[Dataset excerpts Boundary: Start]

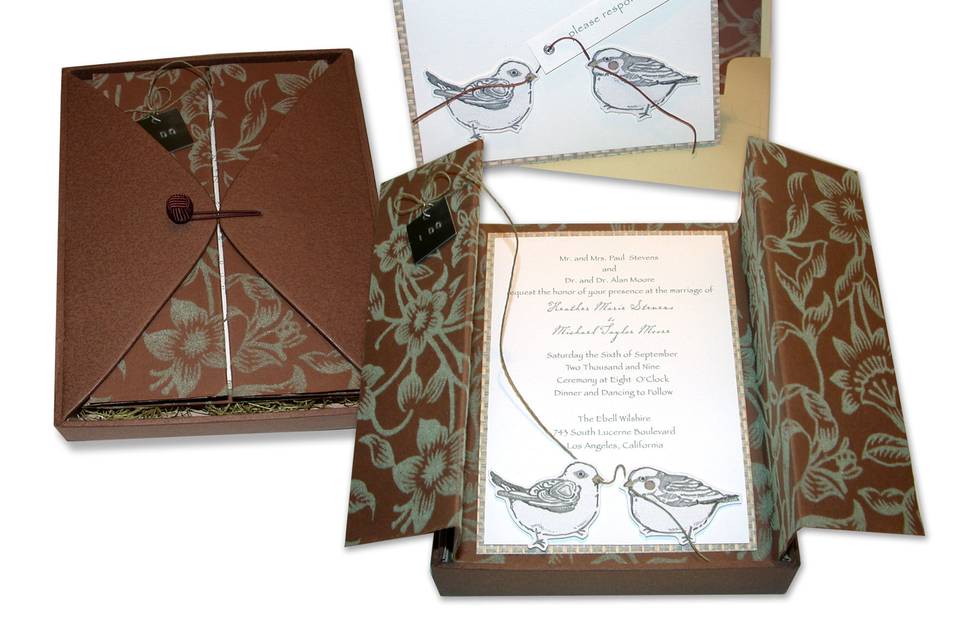 Love Birds: Custom-made paper-covered boxes with flaps and woven-button closures serve as the perfect nest for this invitation suite.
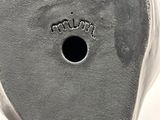 the bottom of a pair of shoes with a hole in the sole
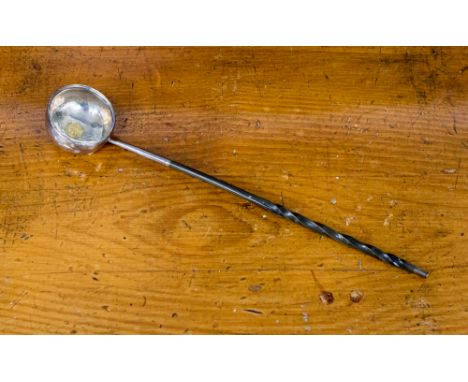 Small silver/silver plated ladle with gold coin to centre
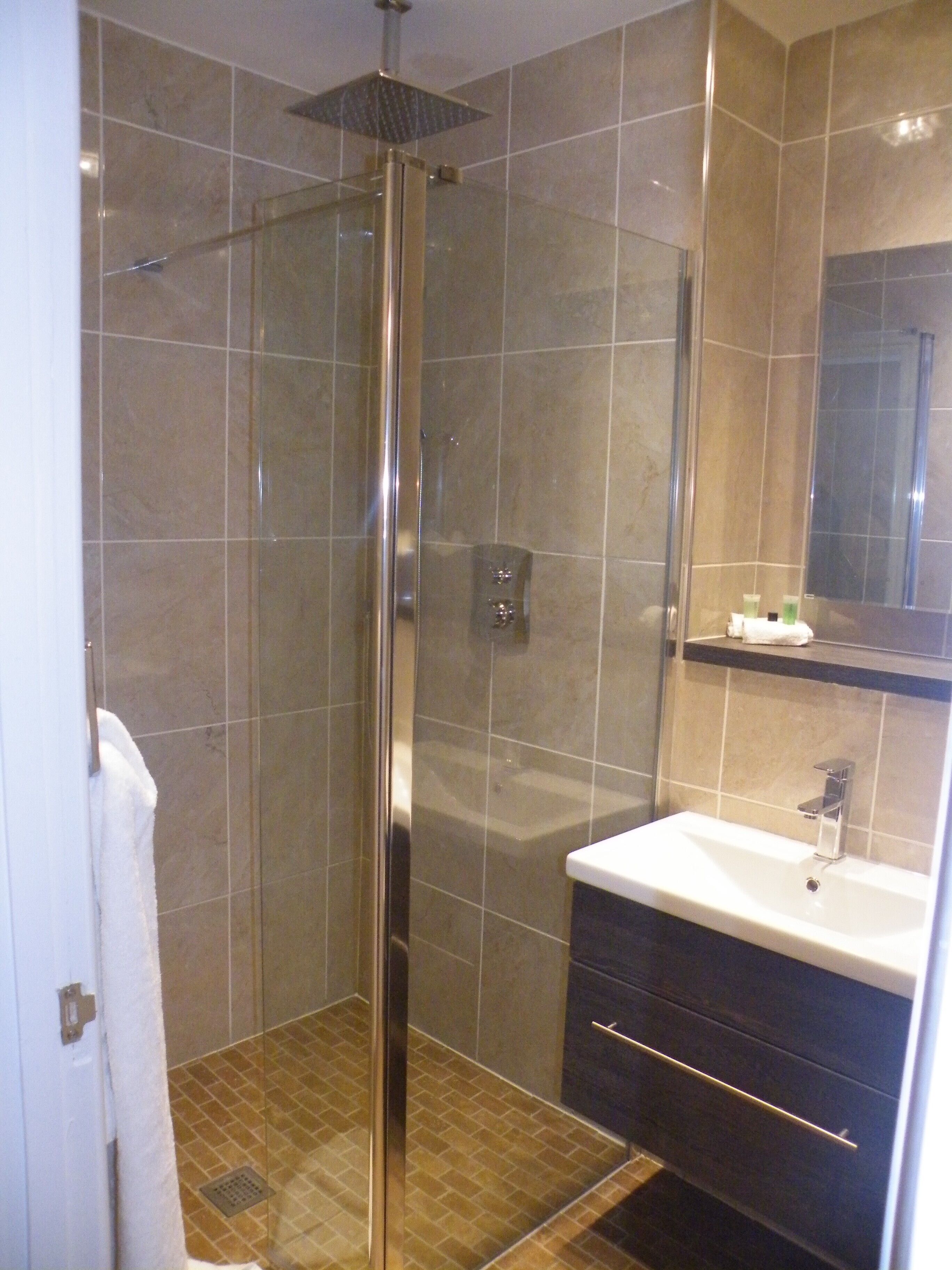 A modern bathroom with a glass-enclosed shower, a sink with a mirror above it, and a towel hanging on the wall.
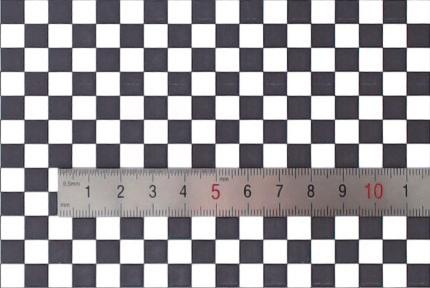 2) esign and manufacture of a checkerboard pattern which is large enough to cover the shooting region, shows as Fig. (a).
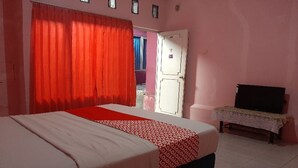 A bedroom with a bed, a television on a stand, and a door leading to another room. - OYO 90555 Vina Pavilion (Bengkulu)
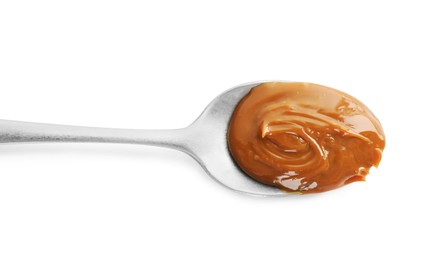Spoon with tasty boiled condensed milk isolated on white, top view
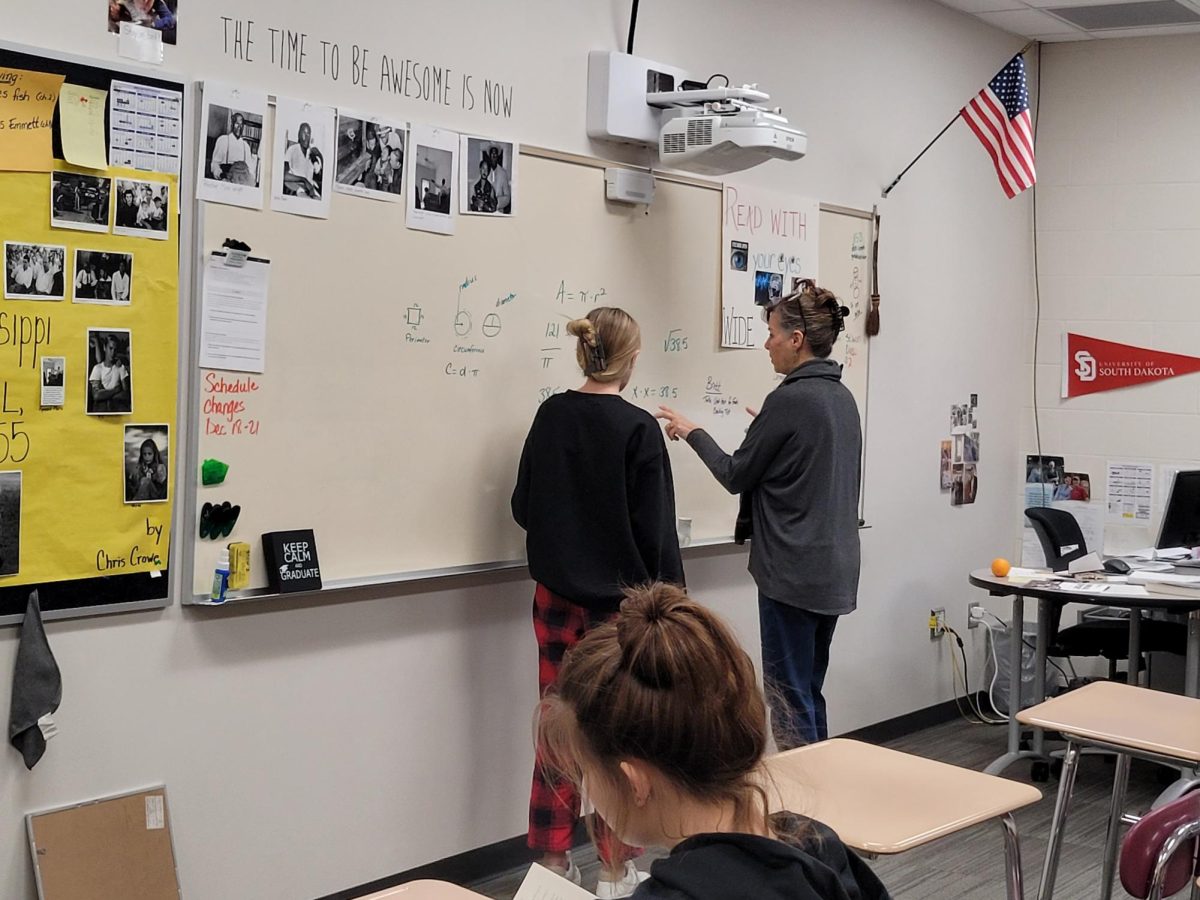 Study Skills for both students and teacher. Mrs. Cowing teaching her student geometry and also learning it for herself. Mrs. Cowing it the lady on the left at the board and the other people in the photo are her students. 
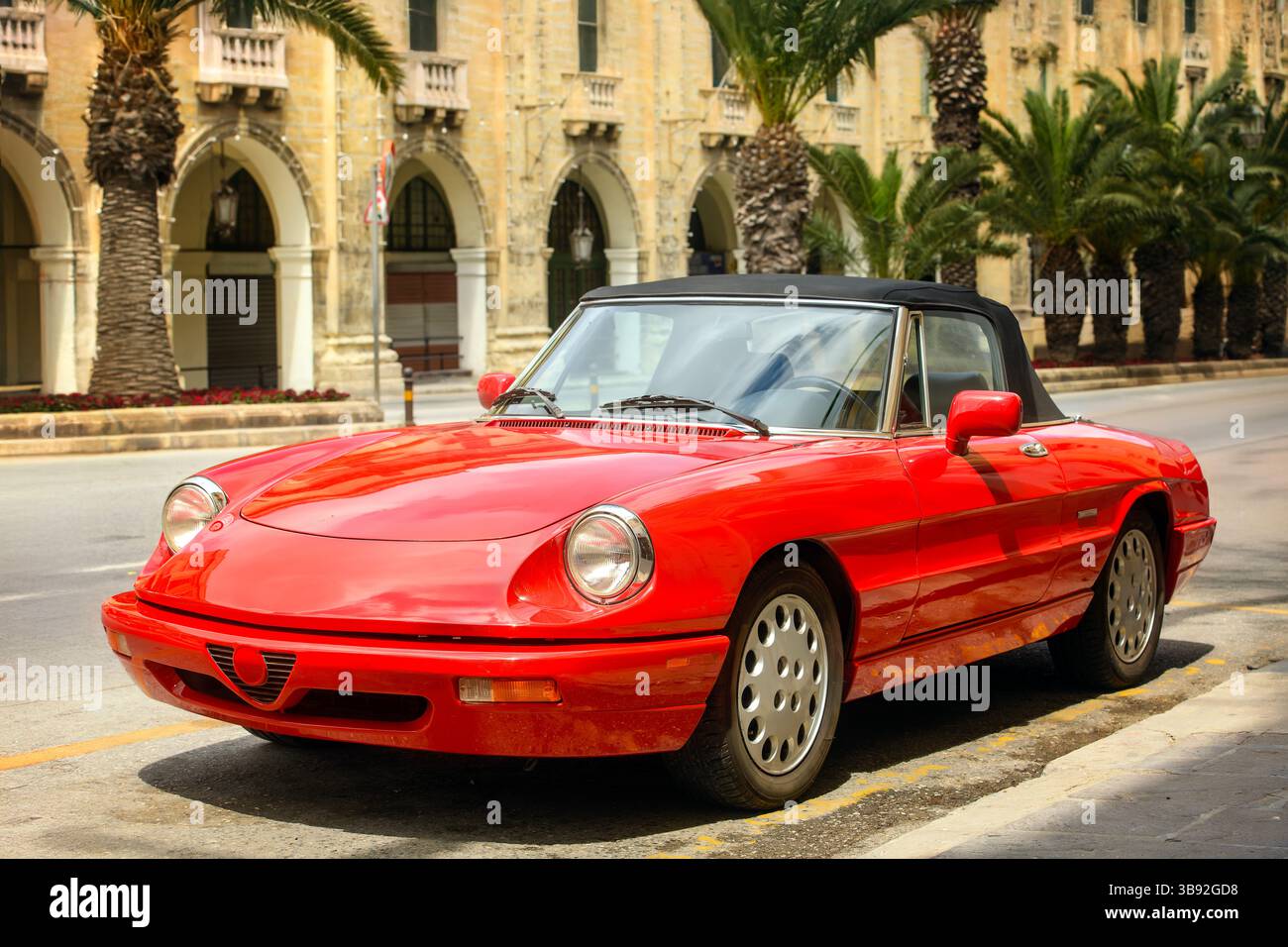 Vintage red car parked on a city street with palm trees and old ...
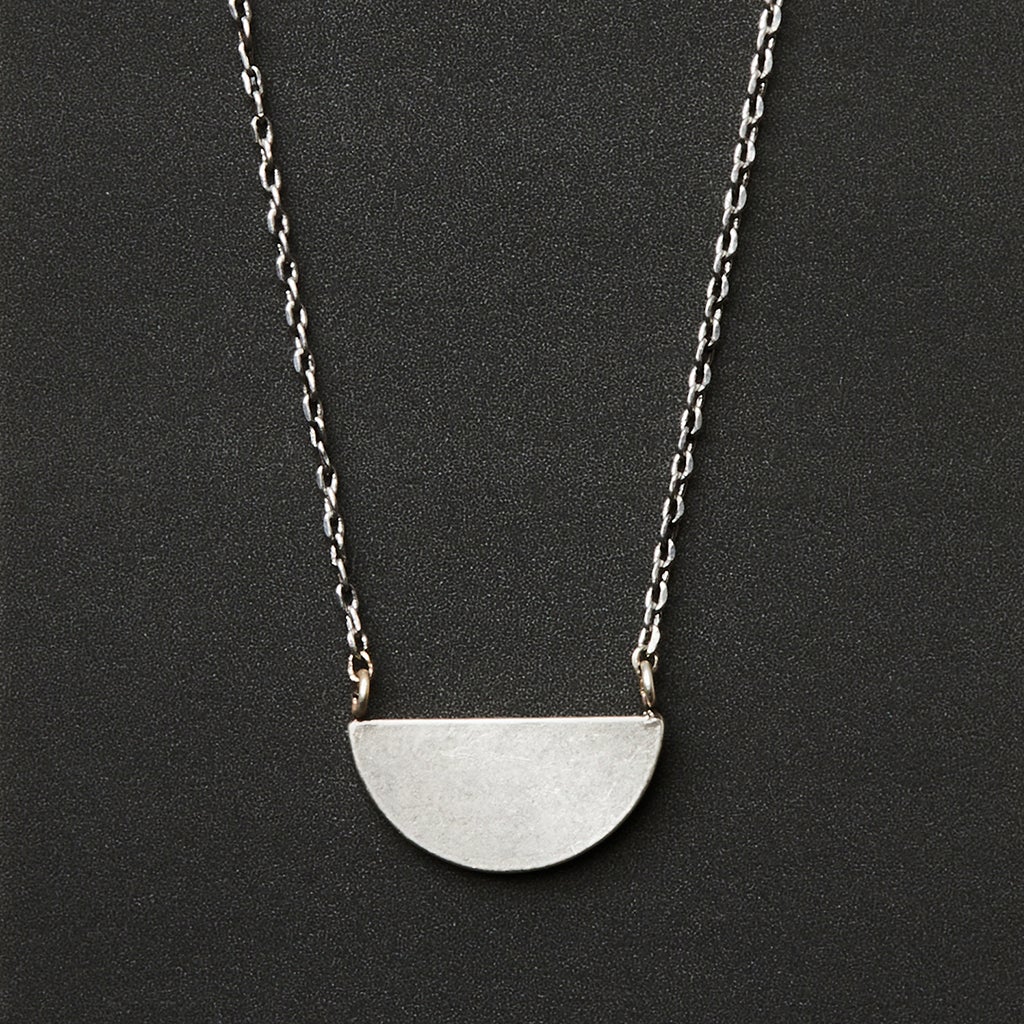 The Refined Neck Half Moon/Silver by Scout Jewelry features a simple adjustable silver chain with a flat, matte half-circle pendant at the center, displayed against a black background.
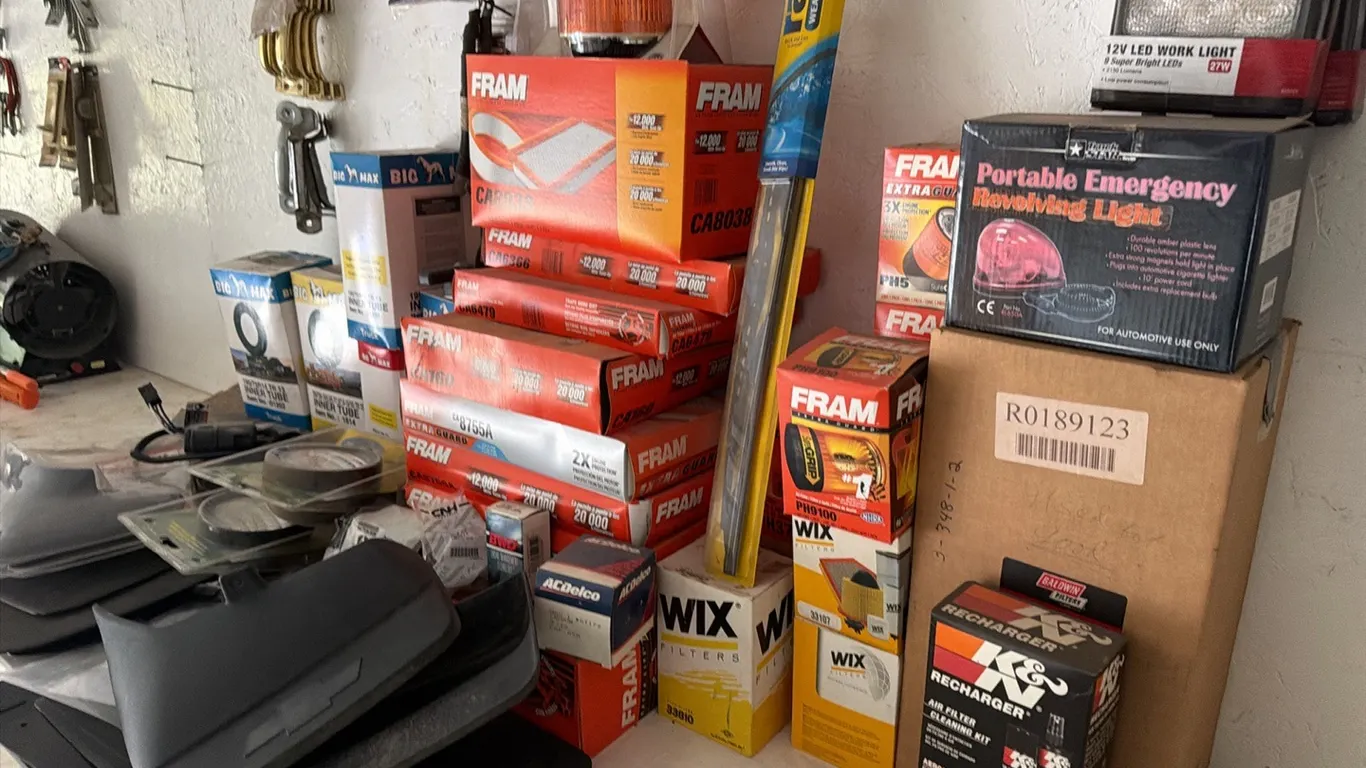 Large quantity of assorted auto parts, including assorted filter, splash guards, LD tow lights & weather strips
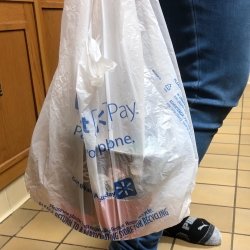 Walmart shopping bag with person's legs in jeans wearing Puma socks on a tile kitchen floor with kitchen cabinets in the background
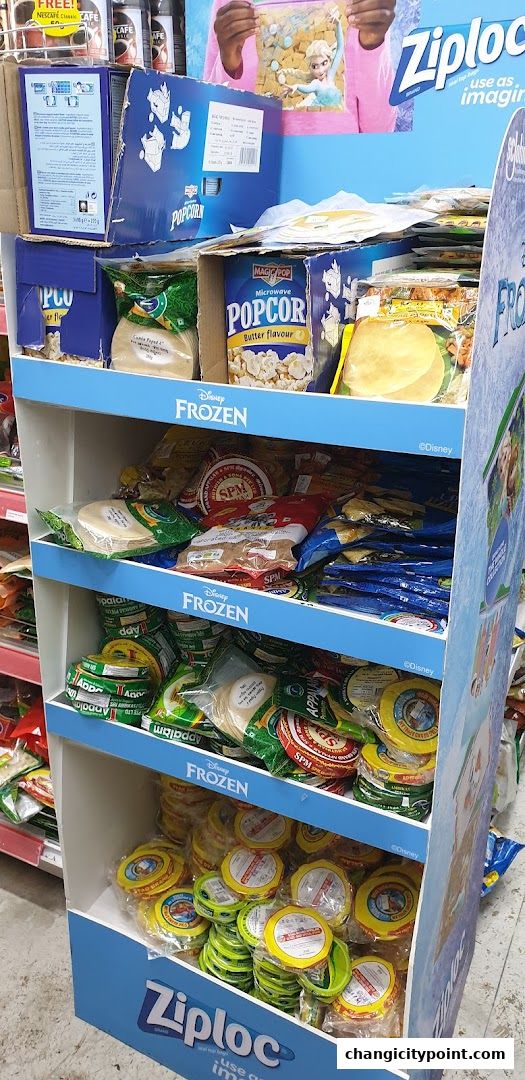 A display stand filled with various food items, including popcorn and packaged snacks, with Disney Frozen branding.
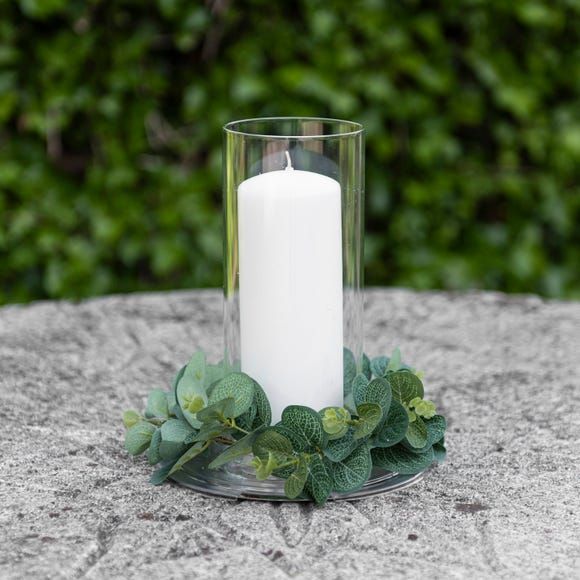 a white candle sitting on top of a glass vase filled with leaves and greenery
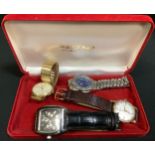 A 1950s Accurist 9ct gold cased wristwatch, textured silver dial, Arabic numerlas and baton markers,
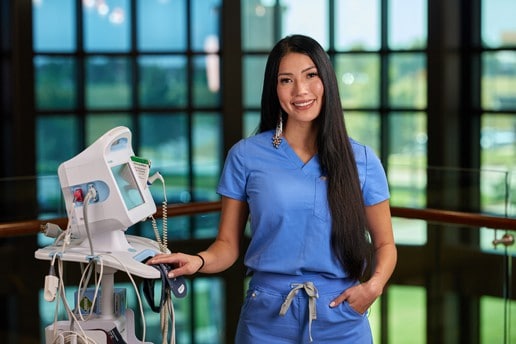 Tara Thorpe poses with some medical equipment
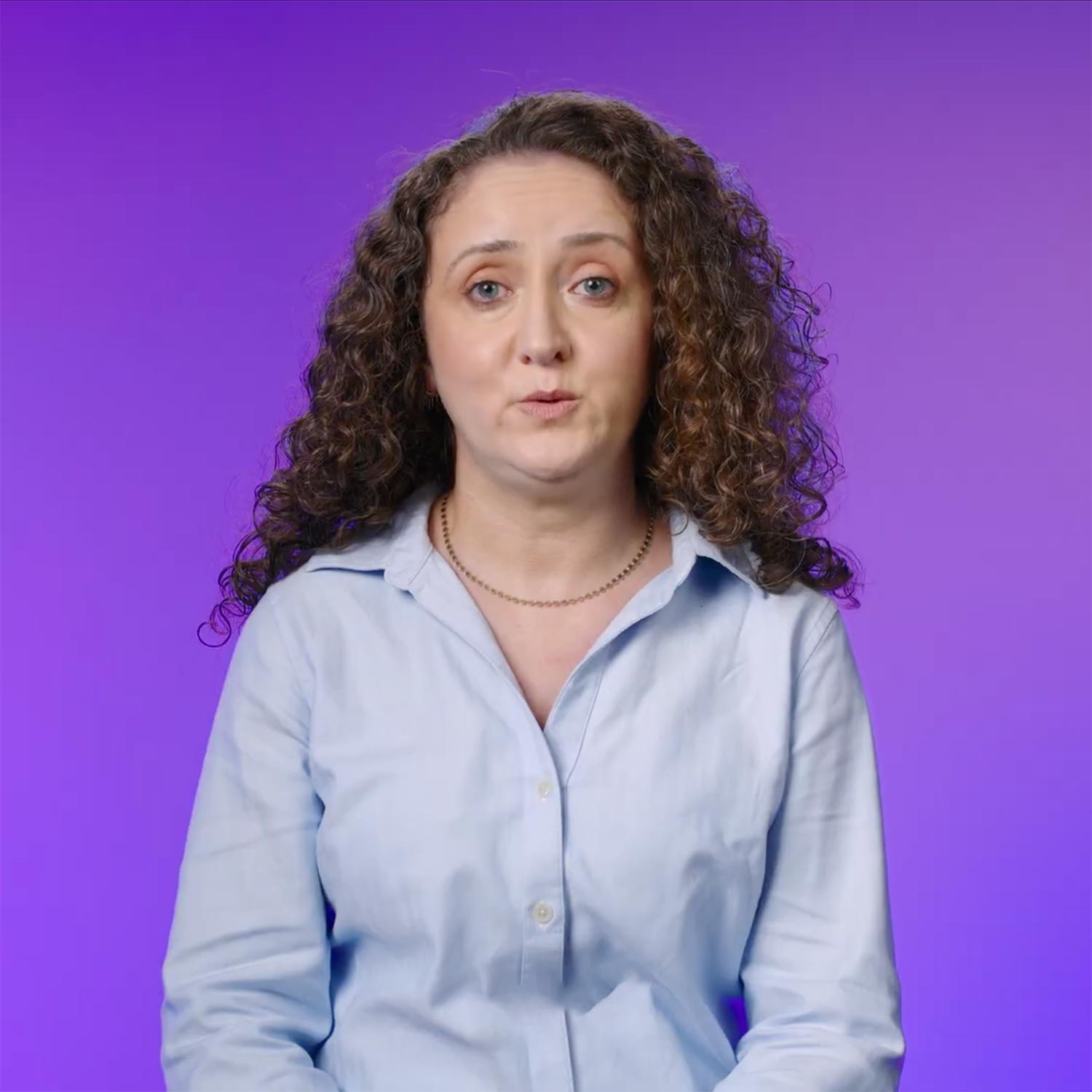 A portrait photo of a lady looking ahead against a purple background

[Dataset excerpts Boundary: End]

**Exercise brief**
Looking above, find the stretch of lines that opens with the one holding "2) esign and" and closes with the one holding "Spoon with tasty". Copy it exactly, pictures excluded.

**Response to this task**
 2) esign and manufacture of a checkerboard pattern which is large enough to cover the shooting region, shows as Fig. (a).
 A bedroom with a bed, a television on a stand, and a door leading to another room. - OYO 90555 Vina Pavilion (Bengkulu)
Spoon with tasty boiled condensed milk isolated on white, top view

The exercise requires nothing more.